Öncelikle belirtmek gerekir ki, söz konusu salgın, 4857 Sayılı İş Kanunu kapsamında zorlayıcı neden olarak nitelendirilebilir. Sözleşme yapılırken öngörülemeyen, sözleşmenin ifasında imkansızlığa yol açan zorlayıcı durumların ortaya çıkması halinde, İş Kanunu 24 ve 25. Maddelerinde yer alan fesih hakkı gündeme gelecektir. Ancak ifa imkansızlığının 1 haftaya kadar olması durumunda fesih hakkı doğmayacak ve işçinin bir hafta boyunca 40. Maddede yer alan yarım günlük ücret ödeme yükümlülüğü devam edecektir.
Ancak zorlayıcı sebebin genel itibariyle bir salgın hastalık nedeniyle ortaya çıkması, doğrudan tüm iş sözleşmeleri üzerinde aynı etkiyi doğurduğu anlamına gelmemektedir. Bu noktada, her bir iş yeri veya sektör özelinde, özellikle devlet tarafından alınan tedbirlerin de dikkate alınarak değerlendirme yapılması faydalı olacaktır.
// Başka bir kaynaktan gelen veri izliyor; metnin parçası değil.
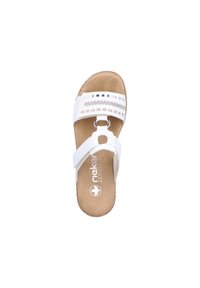 Witte slide sandaal met twee banden, een ronde accent en geperforeerde details. Gevoerde voetbed met een tan textuurzool.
Herhangi bir idari karar bulunmaksızın Sağlık Bakanlığı ve ilgili kamu kurum ve kuruluşlarının tavsiye niteliğindeki kararlara uyarak işverenin işyerini geçici olarak kapatması halinde; işverenin işçilere ücret ödeme borcu devam eder. Zira işveren zorlayıcı neden bulunmaksızın kendi inisiyatifi ile iş yerini kapatmıştır. Yalnızca fiilen çalışmaya bağlı olarak hak kazanılan prim yol yemek gibi yan giderleri ödeme zorunluluğu ortadan kalkar.
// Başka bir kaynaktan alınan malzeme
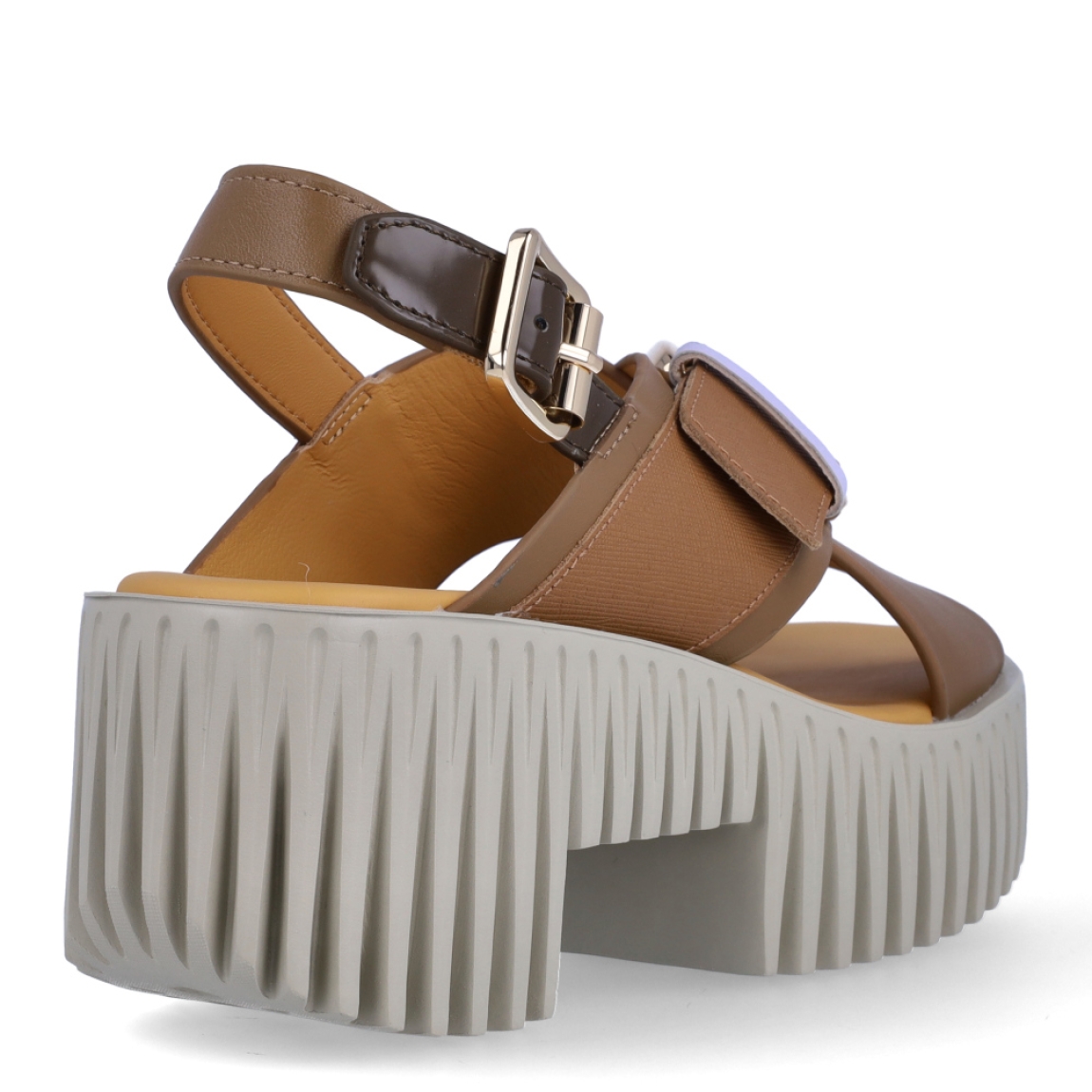 Sandalias de la marca 4CCCCEES, modelo PLIA-M. Exterior de las sandalias en piel color marrón con pala cruzada y hebilla. Interior de las sandalias en piel color beig. Sandalias 4CCCCEES con cuña de 5cm de altura con diseño dentado. Cierre con hebilla en tobillo. Estas sandalias 4CCCCEES PLIA-M tiene el diseño perfecto entre originalidad y ligereza que te acompañará en tu día a día en esta temporada.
Sokağa çıkması devlet tarafından yasaklanan altmış beş yaş üstü- yirmi yaş altı bireyler ve yaş ayırt edilmeksizin kronik hastalığı bulunan bireyler için, 1 haftalık sürenin dolmasının akabinde, zorlayıcı sebep oluşacak ve iş sözleşmesi askıda kalacak, ücret ödeme ve iş görme yükümlülükleri askı hâli nedeniyle karşılıklı olarak geçici bir süre için duracaktır. Yine aynı şekilde hükümet tarafından geçici süreyle faaliyet dışı bırakılarak kuaförler, lokantalar, eğlence yerleri vb iş yerlerinde çalışan işçiler için de aynı durum geçerlidir.
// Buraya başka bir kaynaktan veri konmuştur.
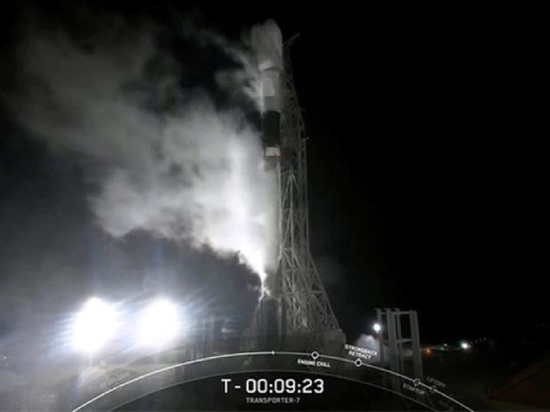 TRT: американская компания SpaceX запустила на на орбиту первый турецкий наблюдательный спутник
Bunun yanında iş sözleşmelerini devam ettirmek isteyen, ancak bu isteğini salgın hastalığın ekonomi üzerindeki olumsuz etkilerinden asgari düzeyde etkilenerek gerçekleştirmek isteyen işverenler İş Kanunu çerçevesinde çözüm yolları aramaya başlamıştır. Bu bağlamda işçilerin henüz kullanmadıkları birikmiş yıllık ücretli izinlerinin kullandırılması bir çözüm yöntemi olarak karşımıza çıkmaktadır. İşveren yönetim hakkı kapsamında yıllık iznin kullandırılacağı zaman üzerinde tasarrufta bulunabilecektir.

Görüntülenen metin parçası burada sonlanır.